Sérgio Magalhães
Coerente com a ideia de que a sociedade brasileira trata o improviso com muita consideração, nossas ações ora vão em um sentido, ora pegam sentido em contrário, ambos assumidos com igual ênfase e convicção. Costumamos ver as regras se alterarem de oito a oitenta com grande rapidez e leveza.
Talvez esteja nessa nossa característica uma das explicações para o relativo fracasso dos sistemas de planejamento, não apenas os edilícios ou urbanísticos, mas também os econômicos, os políticos e demais. Infelizmente, quase nunca com resultado inócuo.
Agora, no chamado Museu do Índio, em obra externa ao estádio do Maracanã, houve um vertiginoso percurso da demolição ao tombamento, em dias. Abandonado por décadas, o imóvel foi ocupado por indígenas que passaram a designa-lo por Aldeia Maracanã. Quando se soube que seria demolido para dar lugar a área de dispersão do estádio (ou a estacionamento, não ficou claro), uma manifestação política se opôs à demolição, obteve apoio judicial e culminou com a desistência do governo na ação. A seguir, anunciou o governo que proporá o tombamento do edifício.
Ainda no mesmo âmbito, estão os projetos divulgados para interligarem o Maracanã à Quinta da Boa Vista, passando por cima da ferrovia. De um complexo com lojas, milhares de vagas para estacionamento e uma praça na superfície elevada, passou-se, segundo noticiou a coluna de Ancelmo Gois, a uma passarela, bastante singela, com presumíveis 540 metros de comprimento (sim, mais de meio quilômetro), sem lojas e sem nenhuma vaga para estacionar.
Também o caso da avenida Rio Branco. De mais elegante espaço publico brasileiro, a antiga Avenida Central tornou-se nas últimas décadas em canal de transporte coletivo metropolitano.

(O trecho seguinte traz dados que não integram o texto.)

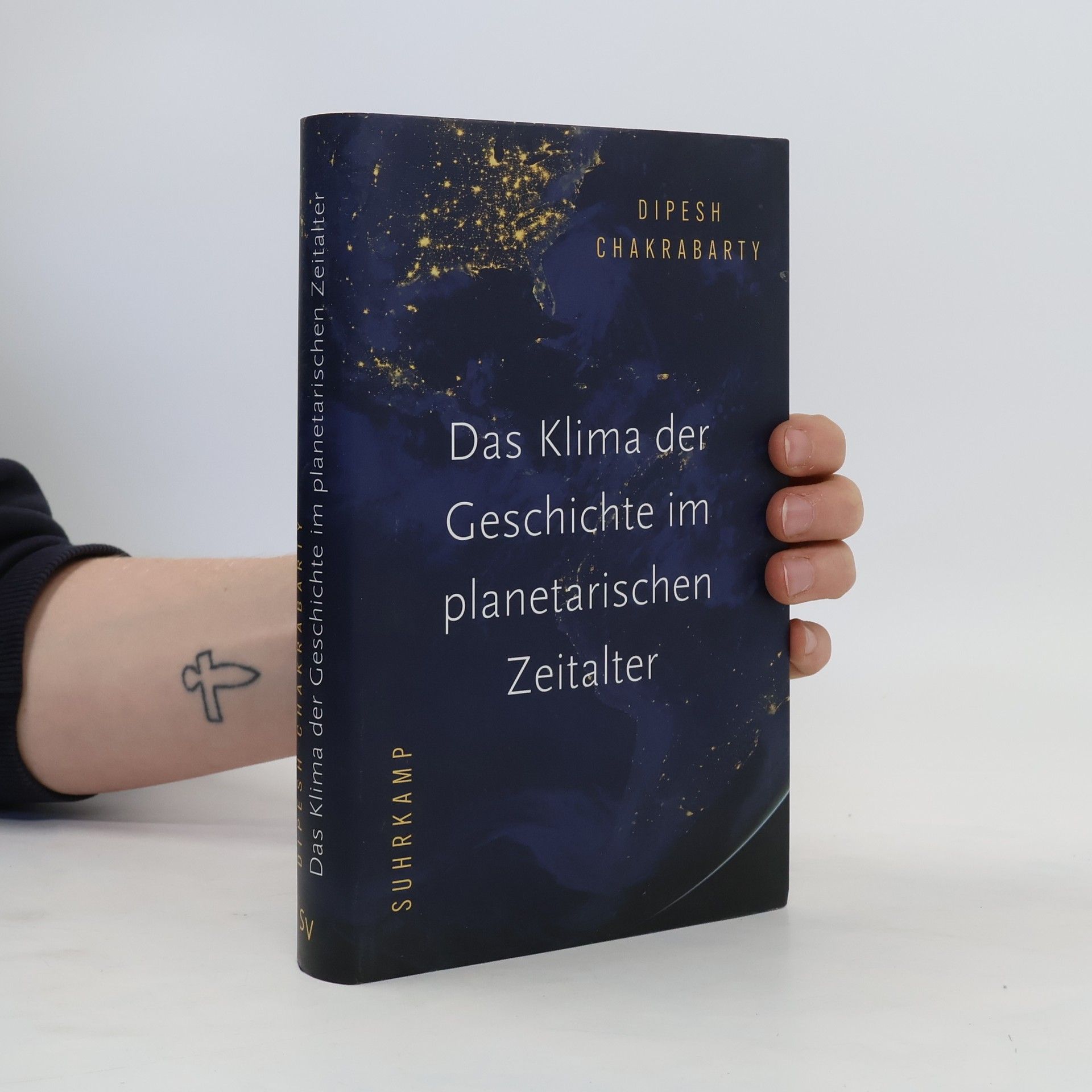 Dipesh Chakrabarty Das Klima der Geschichte im planetarischen Zeitalter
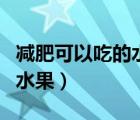 減肥可以吃的水果蔬菜有哪些（減肥可以吃的水果）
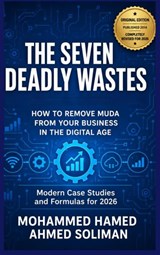 The Seven Deadly Wastes - Mohammed Hamed Ahmed Soliman - 9789403909820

Em cada abertura de semáforo –talvez um minuto, passam pela Rio Branco, na esquina com avenida Almirante Barroso, entre 20 a 30 ônibus, mais os automóveis. Pois dessa exuberância, mediante estudos de remanejamento, a Prefeitura anuncia que transformará esse trecho em exclusivamente para pedestres.
Não são apenas empreendimentos públicos que fazem esse vai-e-vem. Privados também seguem igual doutrina. Sob a chancela de Eike Batista, a Marina da Glória, no Aterro do Flamengo, foi projetada com um centro de convenções-shopping associado. A contestação que recebeu de ambientalistas logo a fez rejeitada publicamente pelo empreendedor. Passados alguns meses, rejeita-se a rejeição e retorna o primeiro modelo, algo reduzido.
Depois de fatos negativos de grande repercussão, leniências dão lugar a alto rigor, como fazem governos em todo o Brasil, após a tragédia em Santa Maria. É justo, mas também é recorrente. Vai-se de proibido a compulsório sem transição.
Projetos são antevisões. Logo, podem ser modificados; é do processo. Mas, percorrer em segundos do oito ao oitenta, não parece coisa adequada para prancheta de arquiteto, está mais para Fórmula 1.
Pois projeto também é ideia –não são plumas ao vento.